[Dataset entries — start]

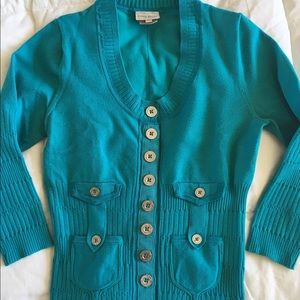 Knit top with scoop neck. Goes great with jeans!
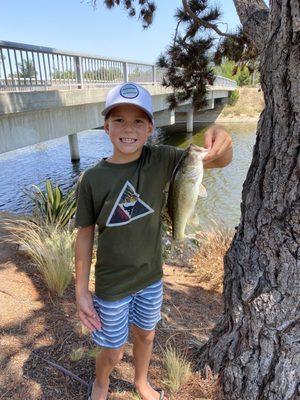 My son caught a bass fish at San Marcos lake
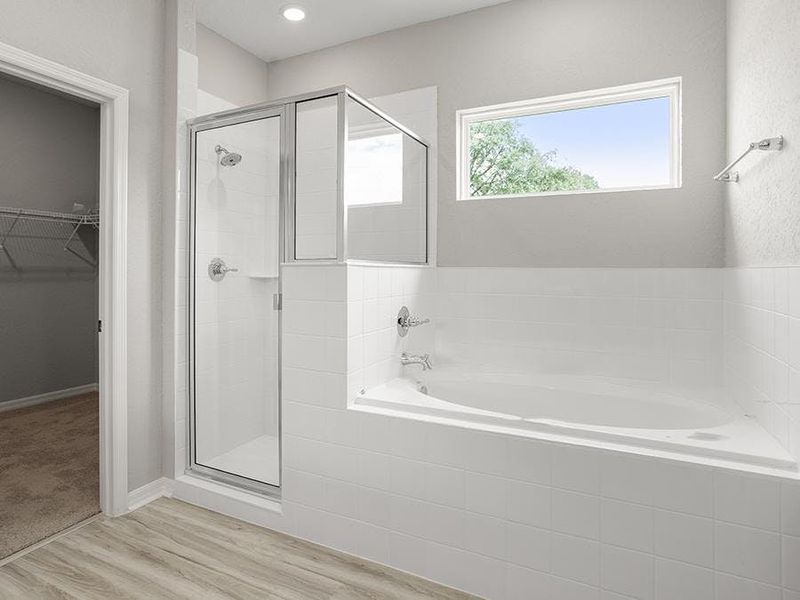 Enjoy spa-like relaxation with a tiled shower and garden tub - Willow II by Highland Homes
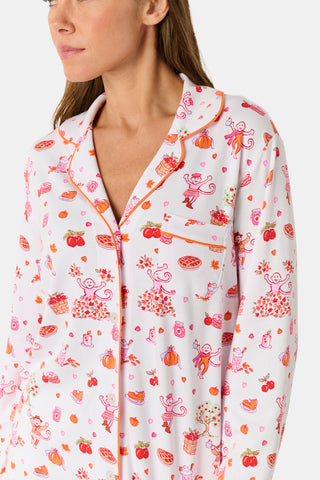 A woman stands barefoot against a plain white background, hands in pockets, wearing the Roller Rabbit Sweater Weather Long Sleeve Polo Pajamas—a floral pink and white set featuring a long-sleeved polo top and matching pants.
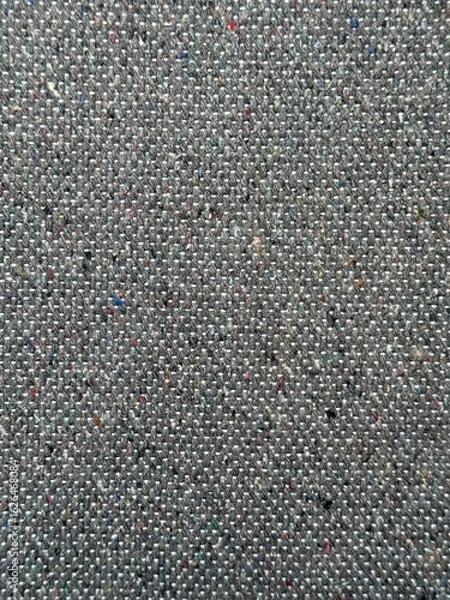 Fototapeta Vertical close-up of dark grey fabric texture background. Rich texture, tight weave gray material. Natural fibers detailed backdrop perfect for t-shirt designs, apparel, and textile projects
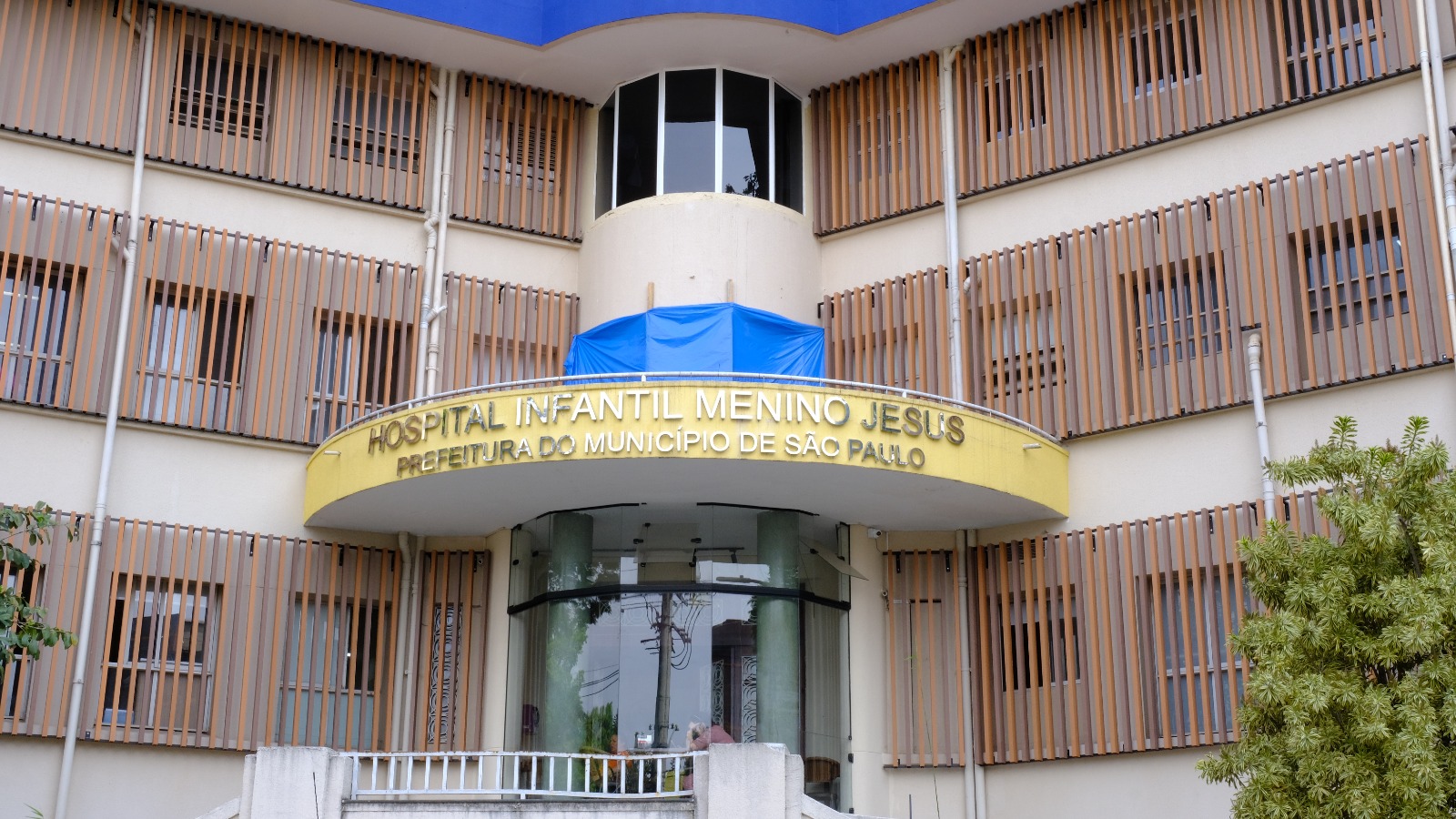 A foto mostra a fachada do Hospital Infantil Menino Jesus, que pertence à Prefeitura do Município de São Paulo. A entrada possui um letreiro em letras douradas com o nome do hospital, e o prédio tem várias janelas protegidas por estruturas verticais de madeira ou metal na cor marrom claro. Acima da entrada há uma estrutura curva, com uma área azul cobrindo parte superior. Há algumas plantas à direita da imagem.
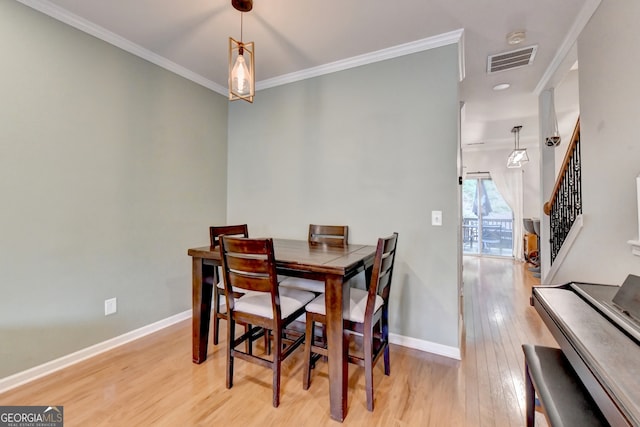 dining area with ornamental molding and light hardwood / wood-style flooring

[Dataset entries — finish]

-- What to work on --
The line containing "My son caught a bass fish at San Marcos lake" and every line after it, through the end of the material above, are to be printed exactly; no pictures belong in the output.

-- Answer space --
 My son caught a bass fish at San Marcos lake
 Enjoy spa-like relaxation with a tiled shower and garden tub - Willow II by Highland Homes
 A woman stands barefoot against a plain white background, hands in pockets, wearing the Roller Rabbit Sweater Weather Long Sleeve Polo Pajamas—a floral pink and white set featuring a long-sleeved polo top and matching pants.
 Fototapeta Vertical close-up of dark grey fabric texture background. Rich texture, tight weave gray material. Natural fibers detailed backdrop perfect for t-shirt designs, apparel, and textile projects
 A foto mostra a fachada do Hospital Infantil Menino Jesus, que pertence à Prefeitura do Município de São Paulo. A entrada possui um letreiro em letras douradas com o nome do hospital, e o prédio tem várias janelas protegidas por estruturas verticais de madeira ou metal na cor marrom claro. Acima da entrada há uma estrutura curva, com uma área azul cobrindo parte superior. Há algumas plantas à direita da imagem.
 dining area with ornamental molding and light hardwood / wood-style flooring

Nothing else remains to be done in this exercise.